Ich habe mir dieses hübsche Ding, mit dem verchromten Rücken und der schwarzen, anmutig glänzenden Vorderseite einst in New York gekauft. Schnell hatte ich eine intime Bindung aufgebaut. Ich hatte viel Spass mit ihm, aber ich war auch oft besorgt um ihn. Zu oft. Jeder neue noch so kleine Kratzer fühlte sich so schlimm an, als wenn ich ein neues Muttermal auf meiner Brust kriege. Ich hatte Zeiten, da fing ich an ihn zu hassen. Ihn zu verdammen, weshalb er nicht einfach schön bleiben könne.
Wir alle haben unsere Fetische, die wir verehren. Es gibt viele Theorien weshalb wir das tun und ich möchte diese Frage nicht weiter thematisieren. Viel aktueller ist für mich momentan die Frage weshalb es uns so schmerzt, wenn unser Fetisch schaden erleidet, wir dann aber doch erleichtert sind wenn er zerbricht, aber weshalb wir uns dann doch wieder einen Neuen anschaffen. Dieser ewige Kreislauf ist doch sinnlos und unproduktiv. Es wäre doch besser, die Gegenstände wären von Beginn an im Arsch oder würden zumindest einst erbaut, nie wider repariert werden. Vor einigen Tagen sah ich eine Reportage über Tiflis. Grosse Teile der Stadt sind ziemlich heruntergekommen und wunderschön. Dieser Zerfall der dort herrscht hat etwas anmutiges, erzählerisches und feinfühliges, das hier in Westeuropa schier zur Gänze verschwunden ist. Diese Schönheit der Zerstörung ist eine Faszination der wir uns immer wieder gerne hingeben. Am liebsten natürlich, wenn diese Zerstörung uns nicht selbst betrifft. Das zeigt Werner Herzog in seinem Film „Lektion in Finsternis“ wunderbar. In Kuwait brennen 1991 die Ölfelder. Eine Katastrophe, eine Tragödie und eine Zerstörung der Umwelt, die ihresgleichen sucht. Und trotzdem, wir betrachten sie fasziniert, können den Blick nicht abwenden von der gewaltigen Schönheit der Zerstörung. So erklärt Herzog passend, „Der Zusammenbruch der Sternenwelt wird sich – wie die Schöpfung – in Grandioser Schönheit vollziehen“.
Die Broken Windows Theorie von Kelling und Wilsons besagt das sobald in einem Quartier eine Scheibe zu Bruch geht, sie umgehend repariert werden muss, da sonst schnell die nächste eingeschlagene Scheibe folgen wird. Dem kommen laut dieser Theorie Sprayereien an den wänden, Kriminalität in den Strassen, und schlussendlich der Zerfall des ganzen Quartier hinzu. Nur, was ist so schlecht dabei?

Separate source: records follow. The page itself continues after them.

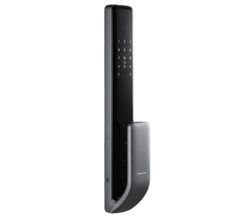  Khóa cửa vân tay PANASONIC EMD4102 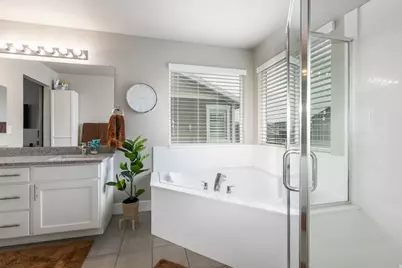 3677 W Eden Meadow Way, South Jordan, UT 84009 - Photo 37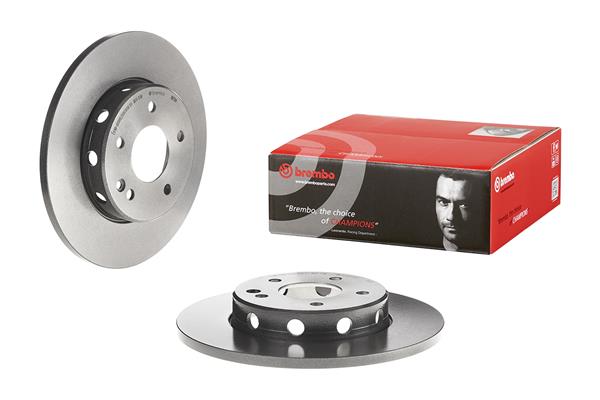 08475041 BREMBO
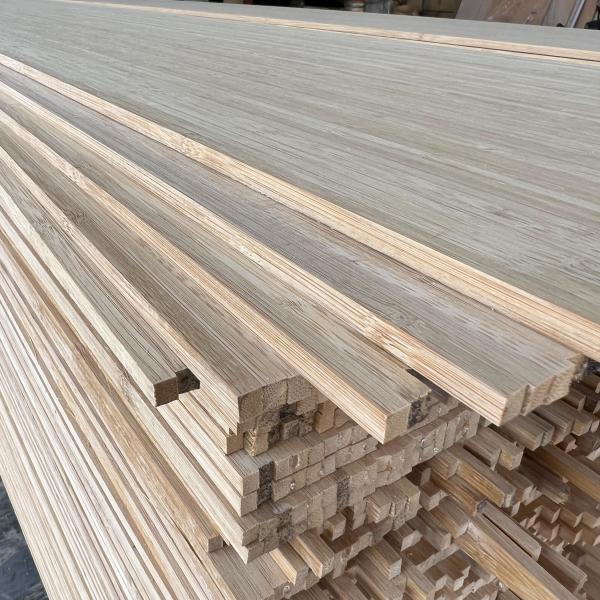 Buy Timber Flooring Bamboo Plywood Sheets Heatproof Multipurpose at wholesale prices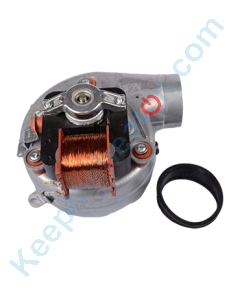 KHO011638 small product image
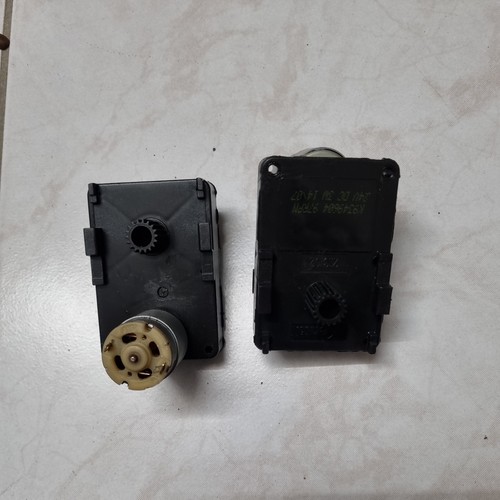 Motor kakao milchpulver - kakao,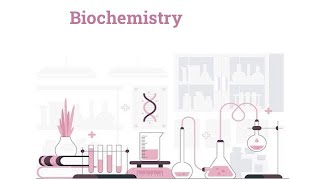 شرح بايوكمستري Citric acid cycle -ملازم وزارية الموحدة- Part1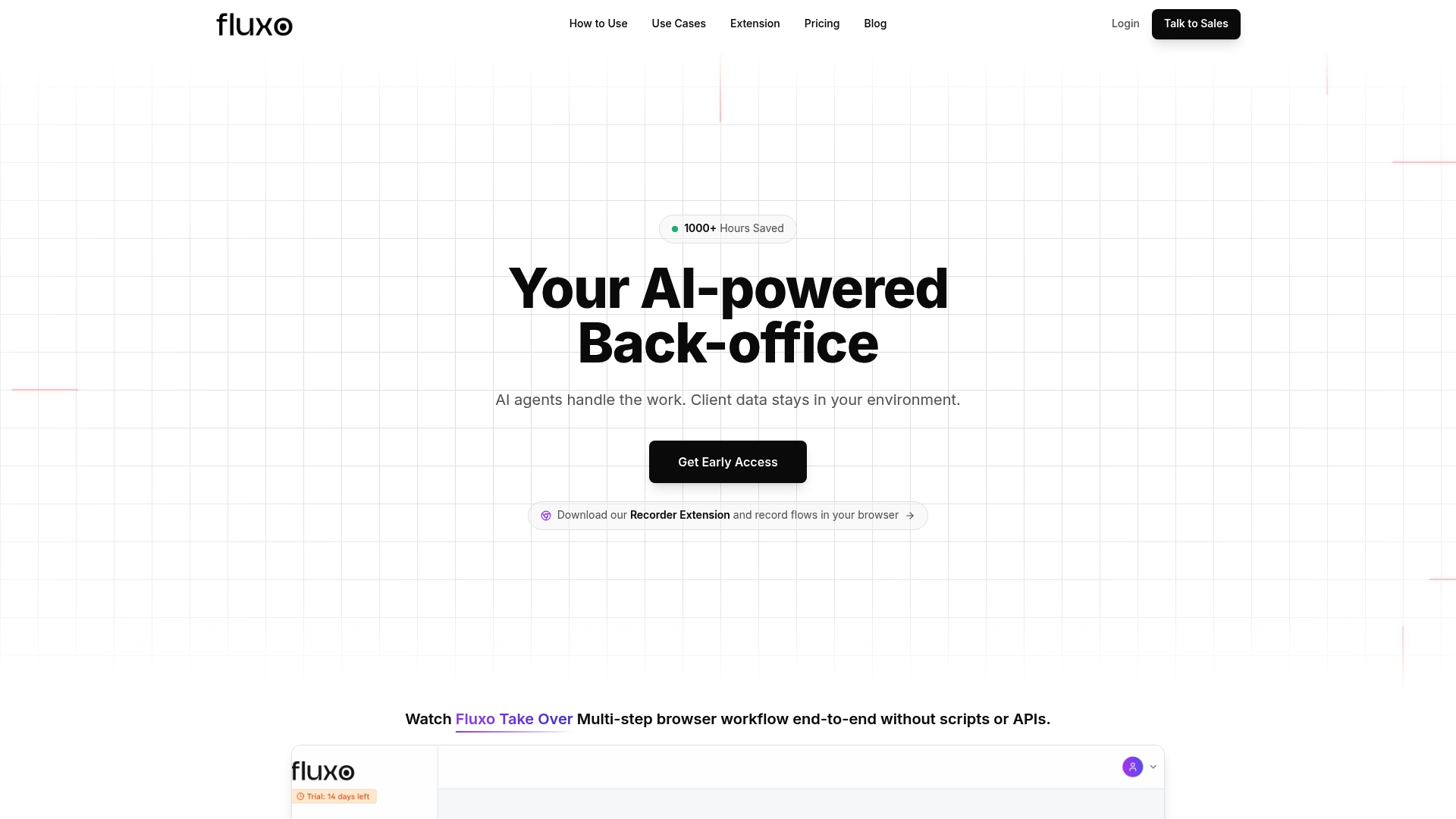 https://heyfluxo.com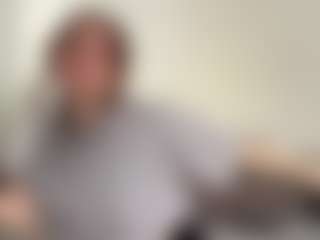 Live cam show with Alex - Erotic Dance on Camsoda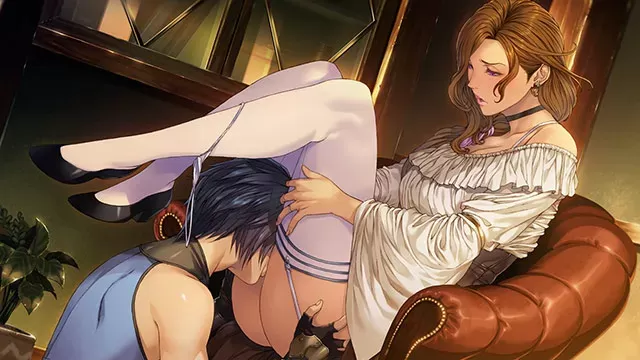 okusama-kaifukujutsu-set-eroge-002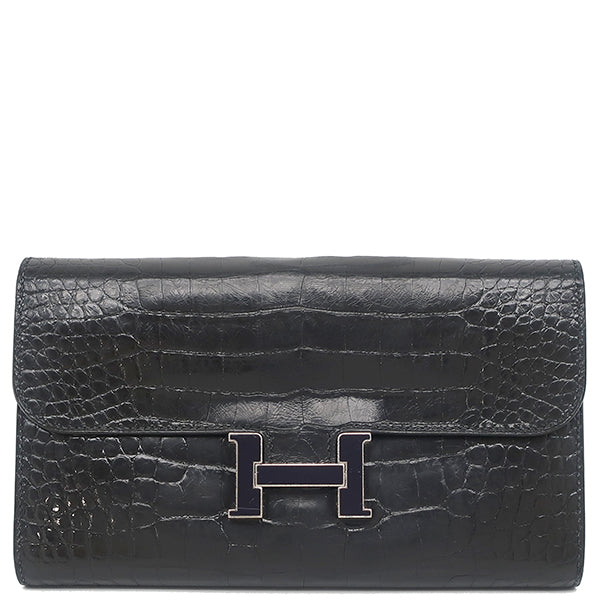 エルメス コンスタンス │ 中古ブランド品・高級時計・宝石の通販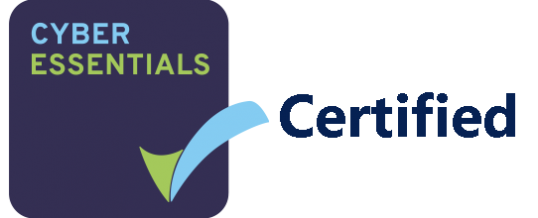 Ttss Achieves Cyber Essentials Assurance Certification Cyber Essentials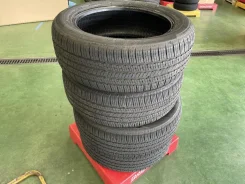 Falken Ziex ZE001A A/S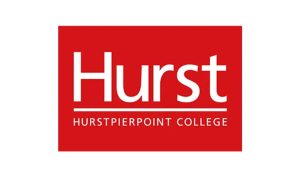 9 - Hurstpierpoint College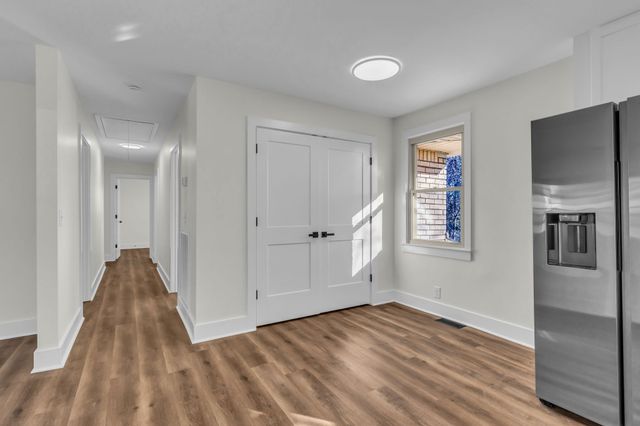 117 Mountainwood Drive, Hendersonville, TN 37075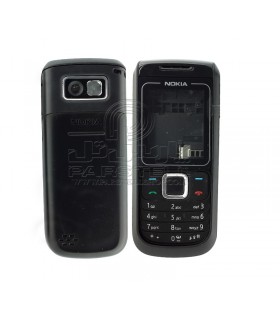 قاب نوکیا 1680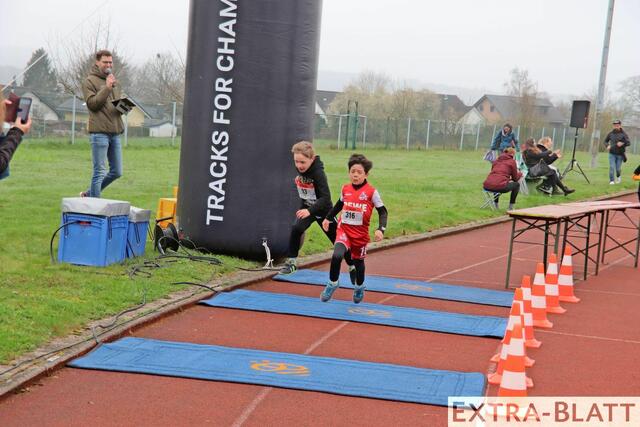 Foto: Steimel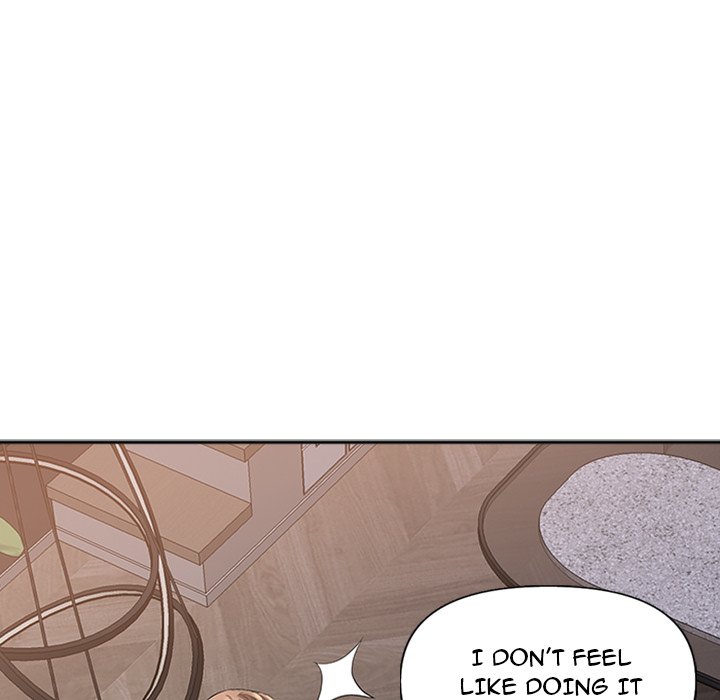 My Husband’s a Twin! Chapter 50 image 54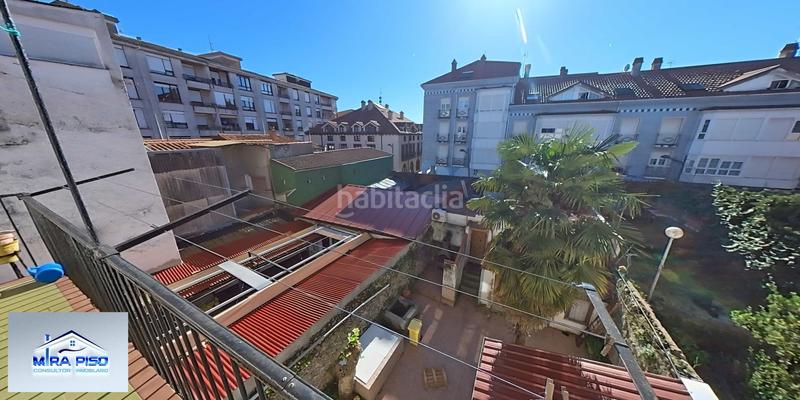 Foto c9b3def0-2f25-4c9c-9b5f-02a696bdec8a. Piso  en venta , 5 dormitorios. en Santoña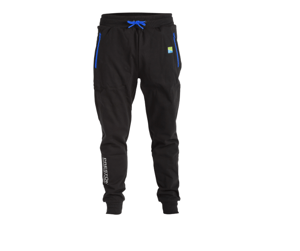 dolnishte-preston-black-joggers-m
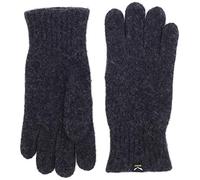 Salewa Handschuhe Walk Wool Gloves, Carbon, L, 00-0000026814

Würde es uns, abgesehen von der Kriminalität, nicht besser gehen wenn alles ein bisschen zerstört wäre. Könnten wir nicht viele blöde alltägliche Sorgen dadurch beseitigen? Wir könnten unsere teuren Versicherungen künden, die all unser Gut schützen sollen und die wir doch so selten brauchen. Wir könnten das Geld, das wir für die Renovation der Fassade unseres Einfamilienhauses brauchen, spenden. Und wir könnten der Stadt klarmachen, dass er das viele Geld, das er zur Sanierung unsrer überqualifizierten Infrastruktur ausgibt, lieber in die unterqualifizierte Bildung investieren soll.
Die Broken iPod Theorie besagt also, dass umso mehr wir uns durch die Nicht-Erneuerung unserer materiellen Güter von ihnen lösen können, umso glücklicher werden wir. So können wir uns wieder anderen Bereichen des Lebens hingeben. Bereichen, die eine weitere Zukunft haben. Wir müssen nur bereit sein endlich einzusehen, dass alles im Leben leider vergänglich ist. Zumindest alles Materielle.